**Work item:** Write out the listing, please, but only from its first line through the line containing "Select your pen", exactly as given and without pictures.

**Information given:**
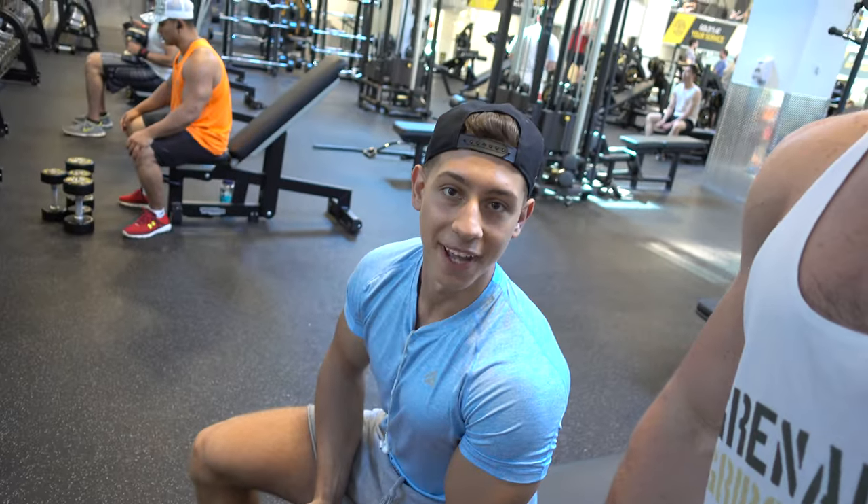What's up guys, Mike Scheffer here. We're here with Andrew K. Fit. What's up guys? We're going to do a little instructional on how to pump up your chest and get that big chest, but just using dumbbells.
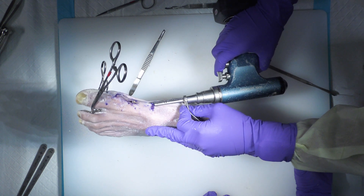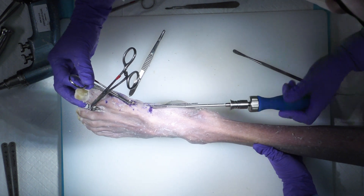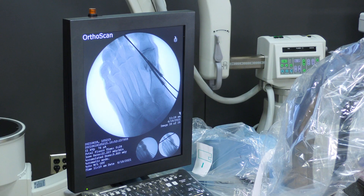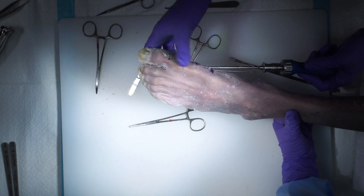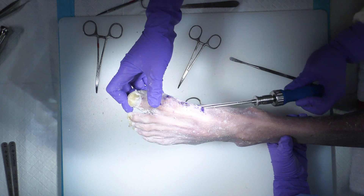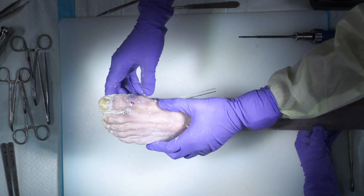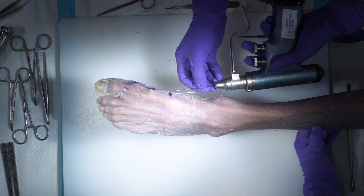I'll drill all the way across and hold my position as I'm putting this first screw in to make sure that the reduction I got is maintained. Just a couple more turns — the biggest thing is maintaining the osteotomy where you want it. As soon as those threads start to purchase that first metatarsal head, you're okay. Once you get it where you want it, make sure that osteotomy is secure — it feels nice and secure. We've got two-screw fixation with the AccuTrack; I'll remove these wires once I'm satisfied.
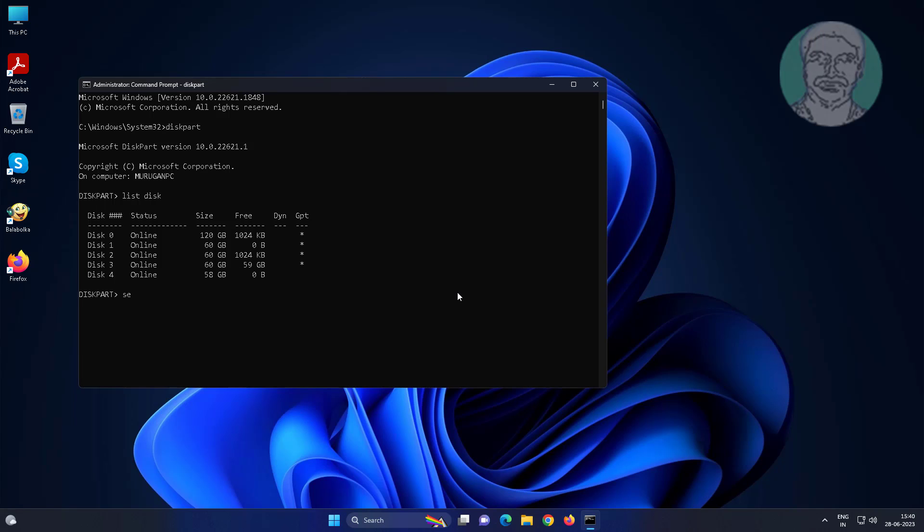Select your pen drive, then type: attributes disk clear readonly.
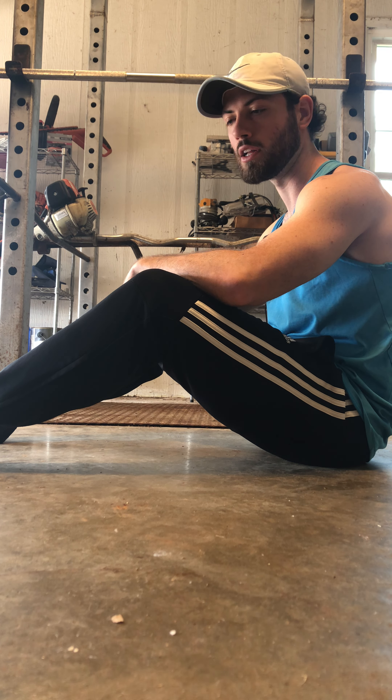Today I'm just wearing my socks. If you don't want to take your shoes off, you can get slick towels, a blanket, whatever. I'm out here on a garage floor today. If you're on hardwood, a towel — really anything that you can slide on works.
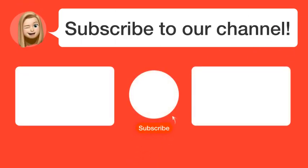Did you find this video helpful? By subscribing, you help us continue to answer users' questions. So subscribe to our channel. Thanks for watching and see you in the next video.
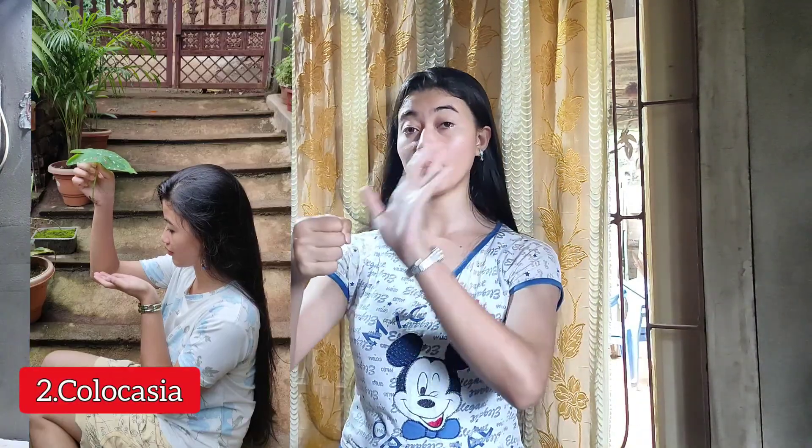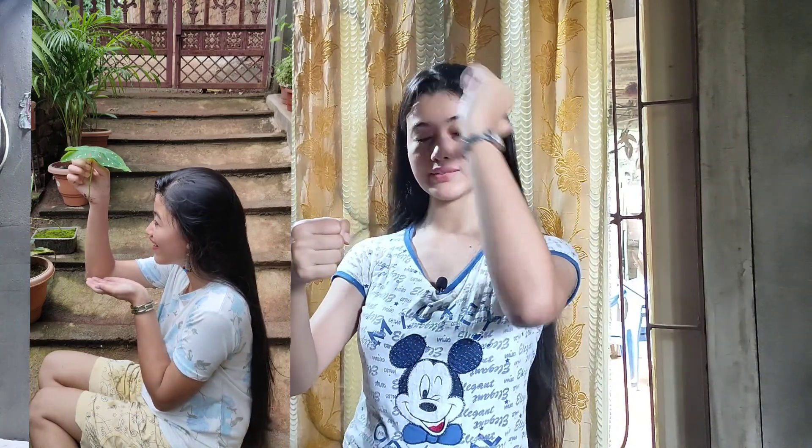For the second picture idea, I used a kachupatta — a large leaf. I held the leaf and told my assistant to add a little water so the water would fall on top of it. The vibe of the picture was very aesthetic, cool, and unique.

**Written solution:**
What's up guys, Mike Scheffer here. We're here with Andrew K. Fit. What's up guys? We're going to do a little instructional on how to pump up your chest and get that big chest, but just using dumbbells.
I'll drill all the way across and hold my position as I'm putting this first screw in to make sure that the reduction I got is maintained. Just a couple more turns — the biggest thing is maintaining the osteotomy where you want it. As soon as those threads start to purchase that first metatarsal head, you're okay. Once you get it where you want it, make sure that osteotomy is secure — it feels nice and secure. We've got two-screw fixation with the AccuTrack; I'll remove these wires once I'm satisfied.
Select your pen drive, then type: attributes disk clear readonly.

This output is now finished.